[Opening Entries shown section]

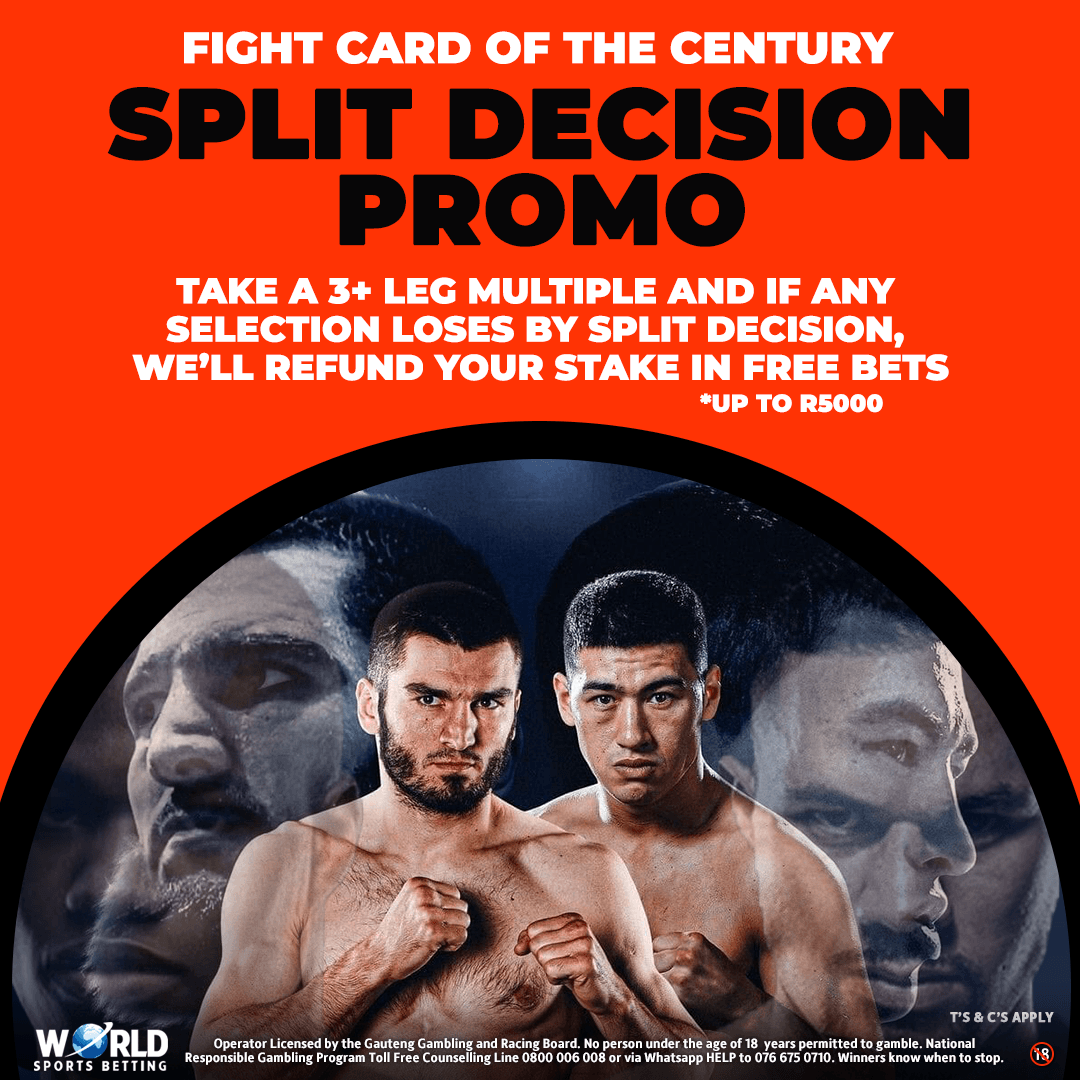 WorldSportsBet's tweet photo. Fight Card of the Century! 🥊
💥 Place a 3+ leg multiple on any the main card fights & if any selection loses by split decision, we’ll refund your stake in Free Bets—up to R5,000! 💥
👉 https://t.co/JU1YJ5LNwZ
#RiyadhSeason #SplitDecision #BoxingBetting #WSB https://t.co/DFXnhw1PqA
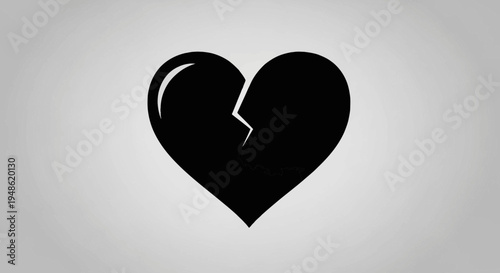 Broken Heart Silhouette - Symbol of Sadness, Loss, and Heartbreak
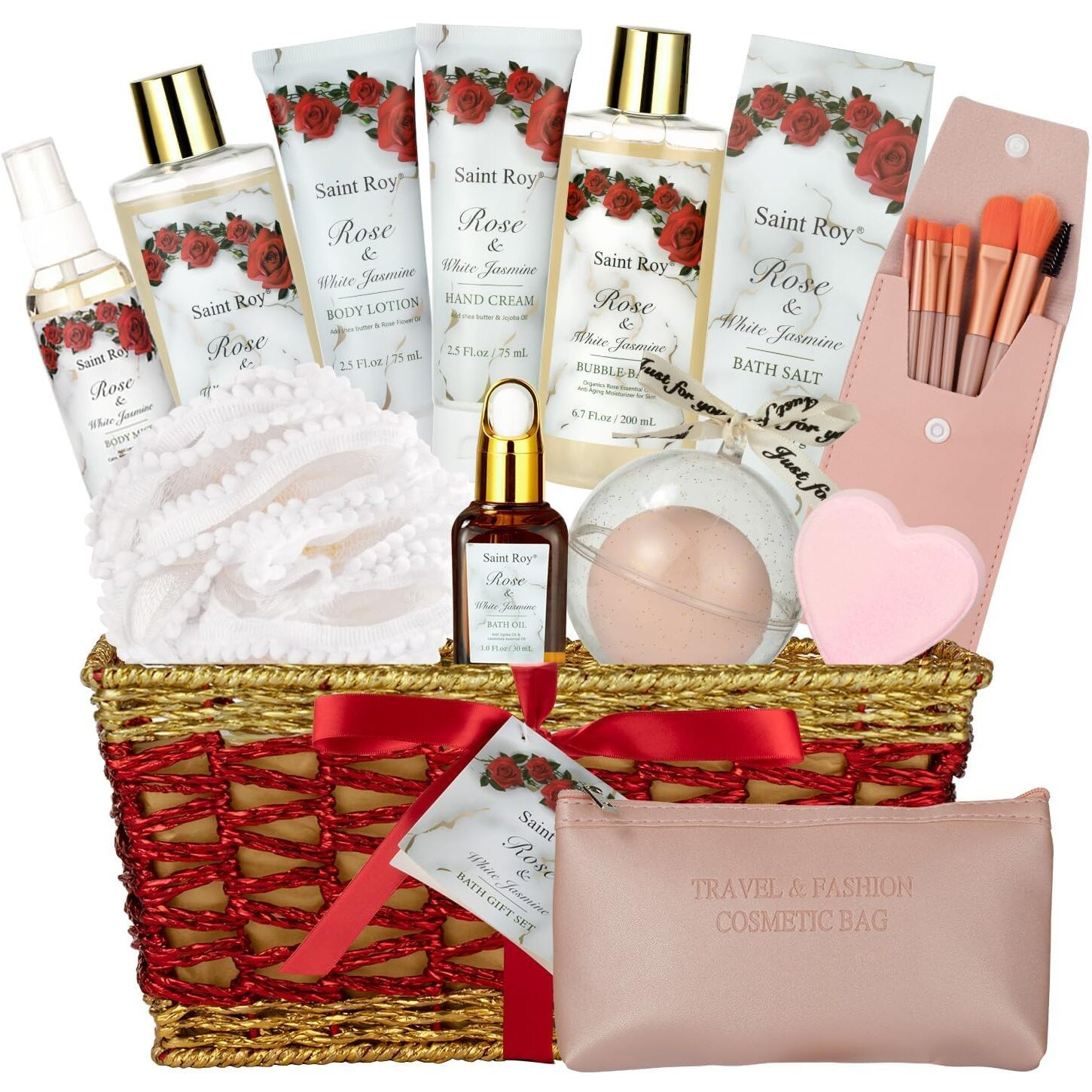 Mother's Day Gifts For Mom Bath And Body Gift Basket For Women, 21 Pcs Rose Jasmine Self Care Basket Bath Spa Kit Beauty Sets, Friendship Birthday Gifts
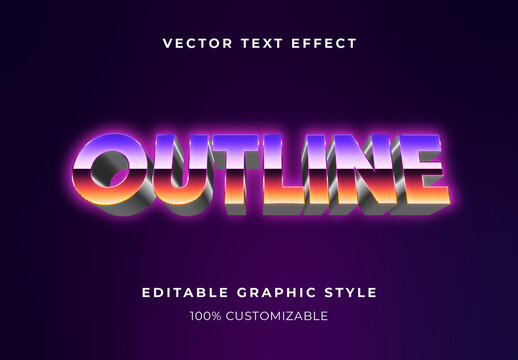 Violet And Orange 3D Extruded Script Retro Text Effect Gradient Futuristic Bold Font
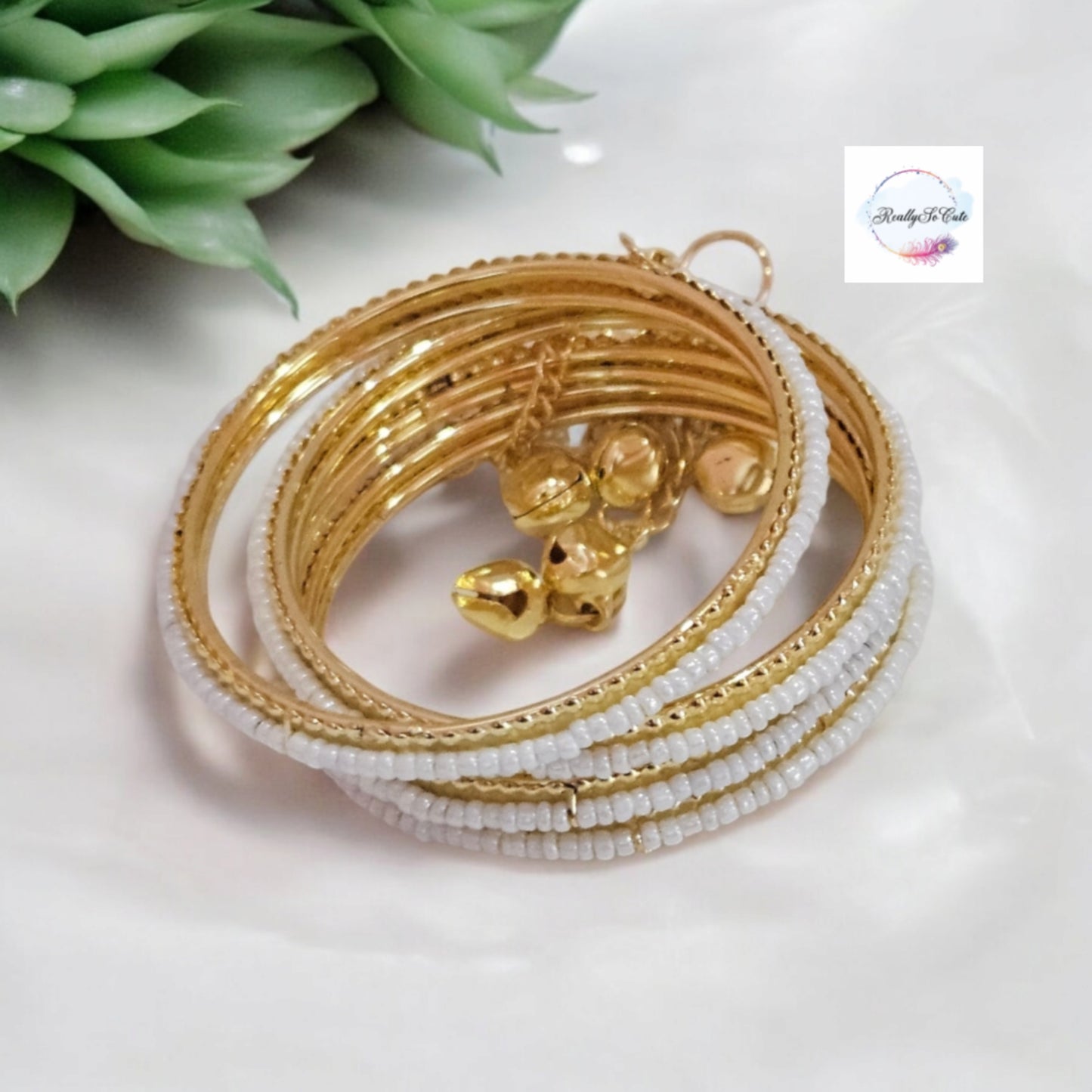 White color pearl bangles with dangles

[Closing Entries shown section]

▶ Problem statement
Your response must consist of the lines from the beginning of the data through the line containing "Mother's Day Gifts", transcribed exactly, with no pictures.

▶ Response to this task
 WorldSportsBet's tweet photo. Fight Card of the Century! 🥊
💥 Place a 3+ leg multiple on any the main card fights & if any selection loses by split decision, we’ll refund your stake in Free Bets—up to R5,000! 💥
👉 https://t.co/JU1YJ5LNwZ
#RiyadhSeason #SplitDecision #BoxingBetting #WSB https://t.co/DFXnhw1PqA
 Broken Heart Silhouette - Symbol of Sadness, Loss, and Heartbreak
 Mother's Day Gifts For Mom Bath And Body Gift Basket For Women, 21 Pcs Rose Jasmine Self Care Basket Bath Spa Kit Beauty Sets, Friendship Birthday Gifts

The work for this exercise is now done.